Dalla teoria alla pratica lunare
La peculiarità della regolite lunare rispetto a quella terrestre deriva dall'assenza di atmosfera sul nostro satellite, che lo espone maggiormente al bombardamento di asteroidi e meteoroidi. Questa caratteristica, apparentemente svantaggiosa, ha creato nel tempo un accumulo di materiali ricchi di ossidi metallici - ossido di silicio, ferro, alluminio - che rappresentano la materia prima per l'estrazione dell'ossigeno.
Il processo prevede una fase finale di elettrolisi che scinde le molecole d'acqua ottenute nelle fasi precedenti, producendo ossigeno molecolare e idrogeno.
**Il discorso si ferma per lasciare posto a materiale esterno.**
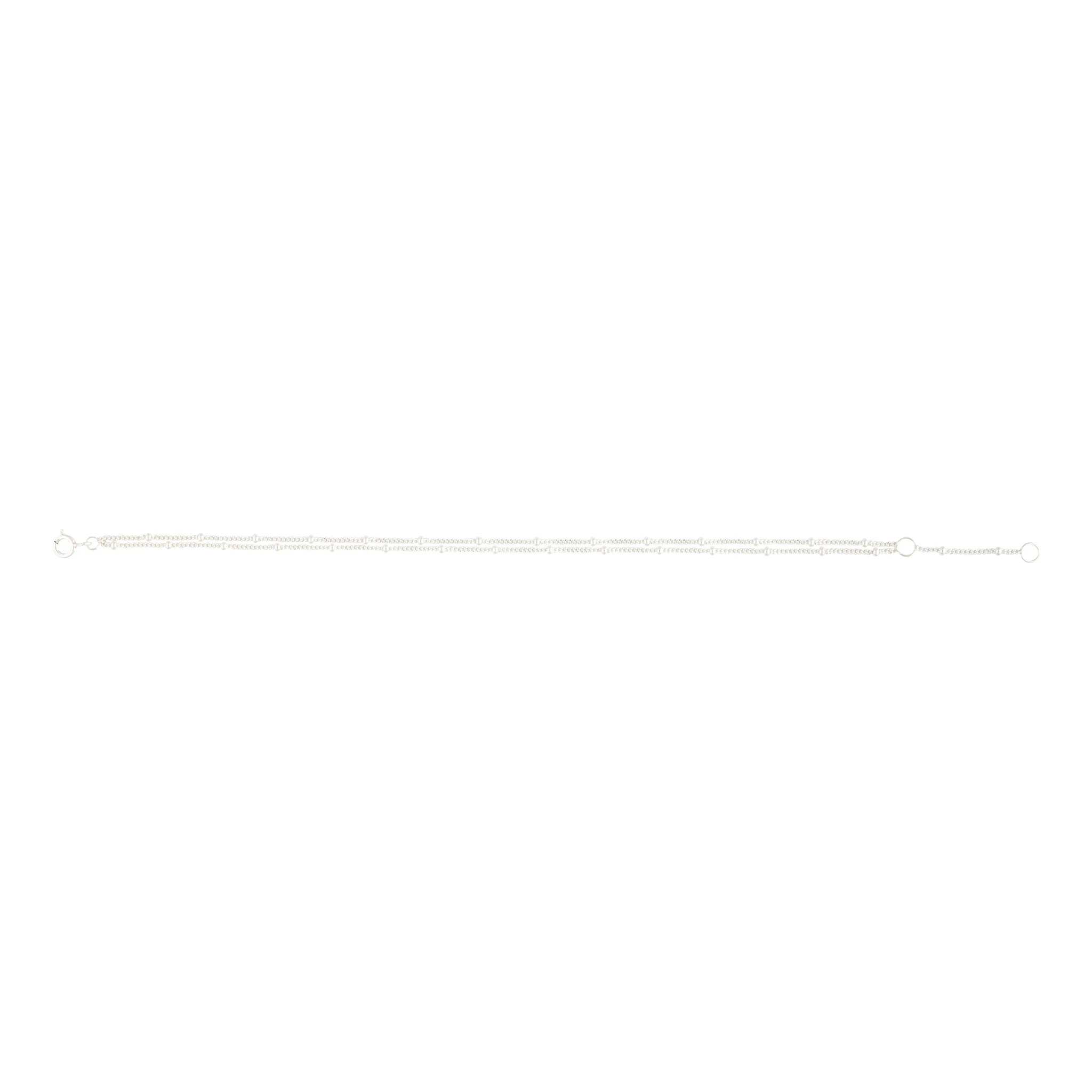 Sterling Silver Double Strand Bead Station Bracelet
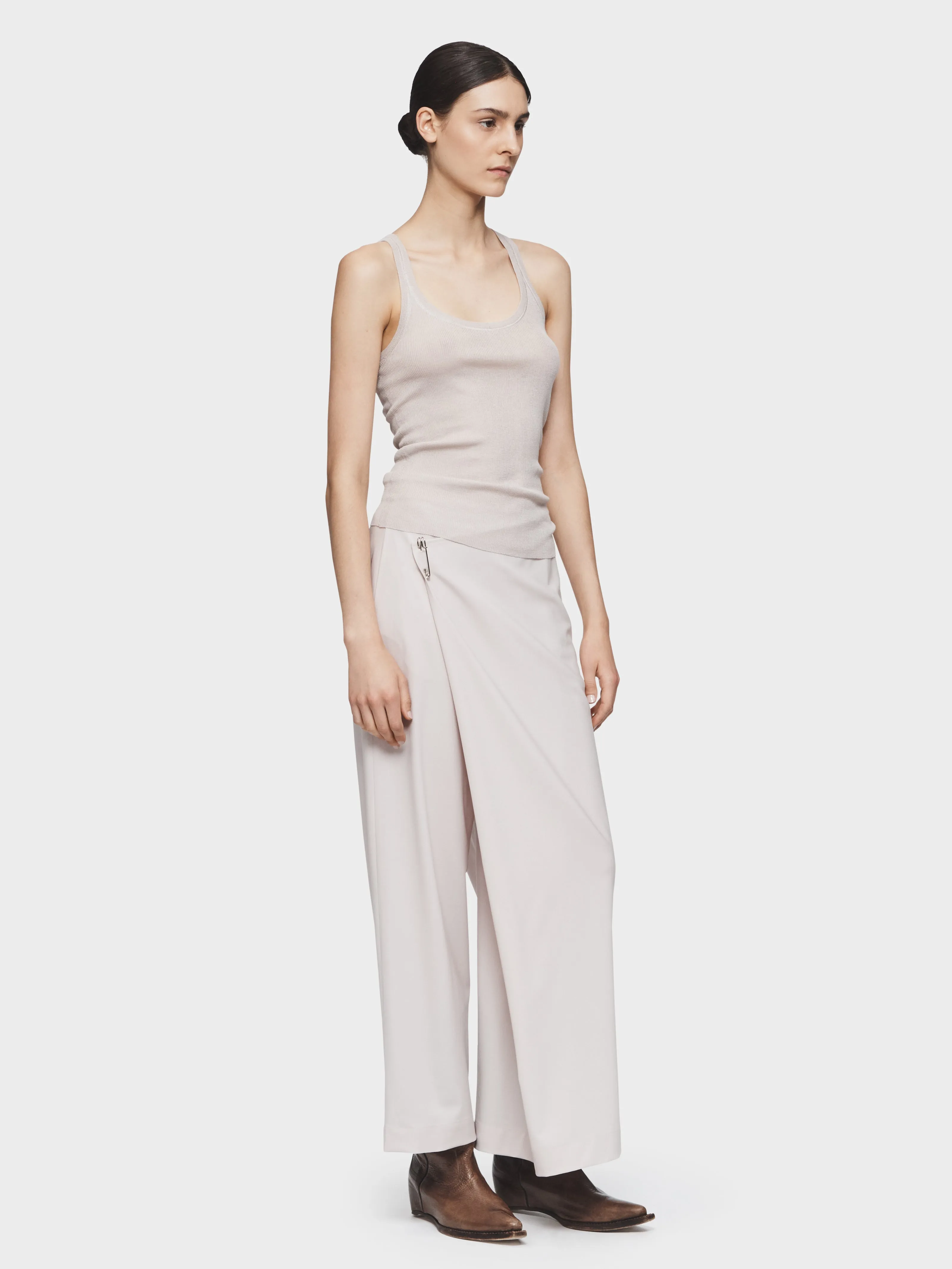 Tailored Wrap Pant in Bone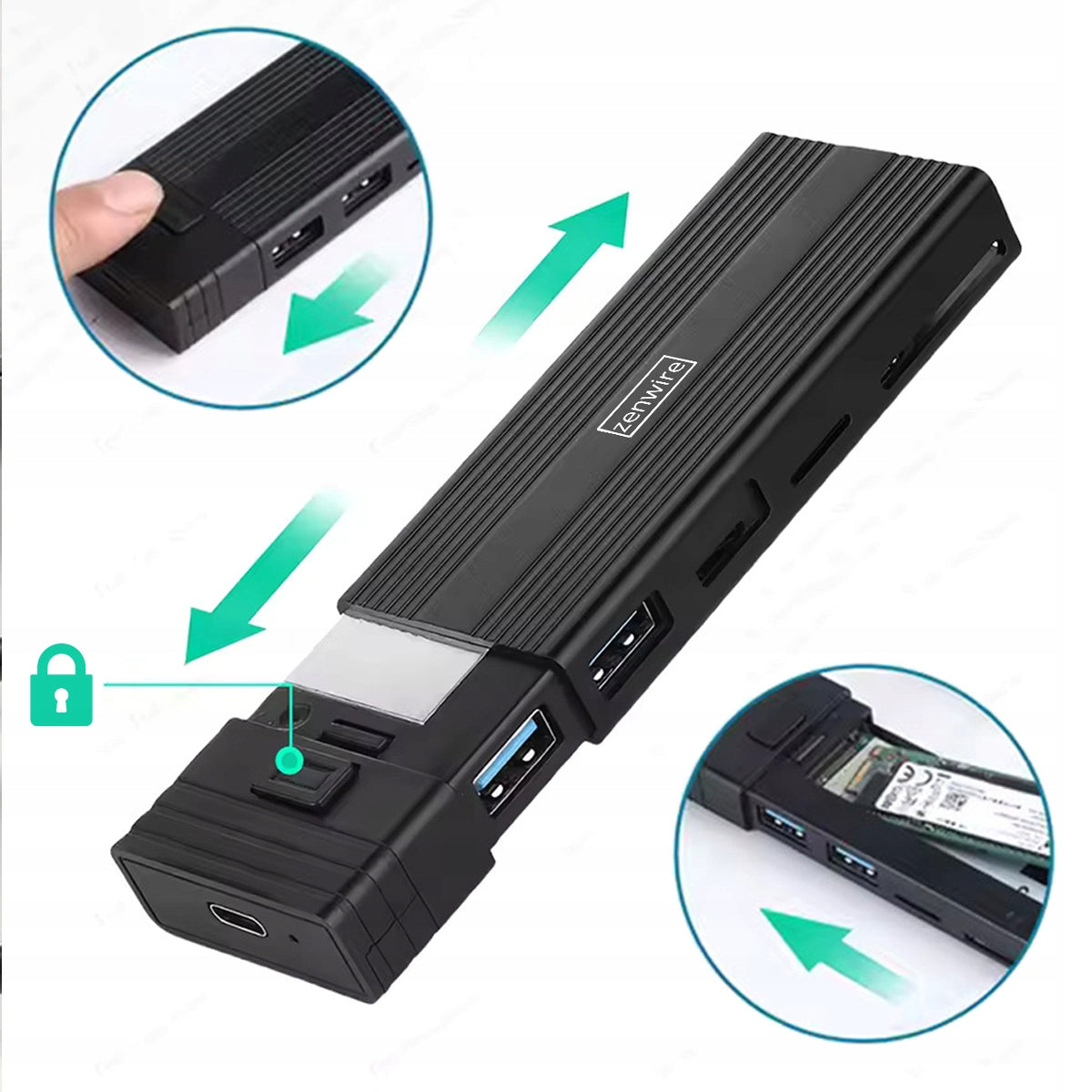 Boîtier pour disque dur HUB USB-C 7-en-1 SSD M.2 NVMe PCIe SATA SD Adaptateur Emplacement M.2 Zenwire HUB63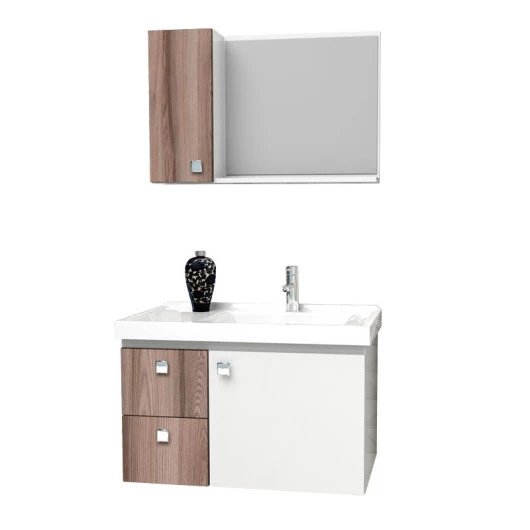 Conjunto Para Banheiro Madeira Gabinete e Espelho Moara 60 Cozimax Branco/Tamarindo
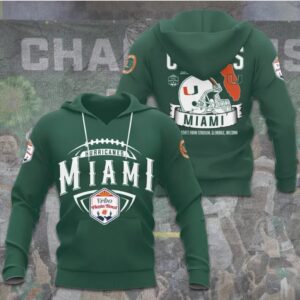Miami Hurricanes NCAA Football Fiesta Bowl Champions Green Team Victory Graphic T Shirt Miami Hurricanes NCAA Football Fiesta Bowl Champions Green Team Victory Graphic T Shirt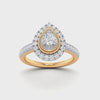Facets of Love Pear Halo Ring with 1/2ct of Diamonds in 18ct Yellow Gold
Tuttavia, il dimostratore Oracle si concentrerà inizialmente sulla parte più critica e mai testata in ambiente lunare: la prima fase di riduzione carbotermale.
L'orizzonte dell'autosufficienza spaziale
Il successo di Oracle aprirebbe le porte all'approccio ISRU (In Situ Resource Utilization), una filosofia che mira a sfruttare le risorse locali disponibili sui corpi celesti per ridurre la dipendenza dalle forniture terrestri. Come sottolinea Cosmo: "Se l'efficienza del processo verrà confermata, il processo si attesterà come uno dei candidati principali per i futuri impianti su larga scala".
Il dispositivo dovrà superare il banco di prova definitivo durante una futura missione lunare, ancora in fase di selezione. Solo allora si potrà verificare l'effettiva capacità di processare grandi quantità di regolite e immagazzinare l'ossigeno prodotto, rendendo così sostenibili le missioni umane di lungo periodo sulla Luna. Un traguardo che trasformerebbe il nostro satellite da destinazione temporanea a vera e propria base operativa per l'esplorazione del sistema solare.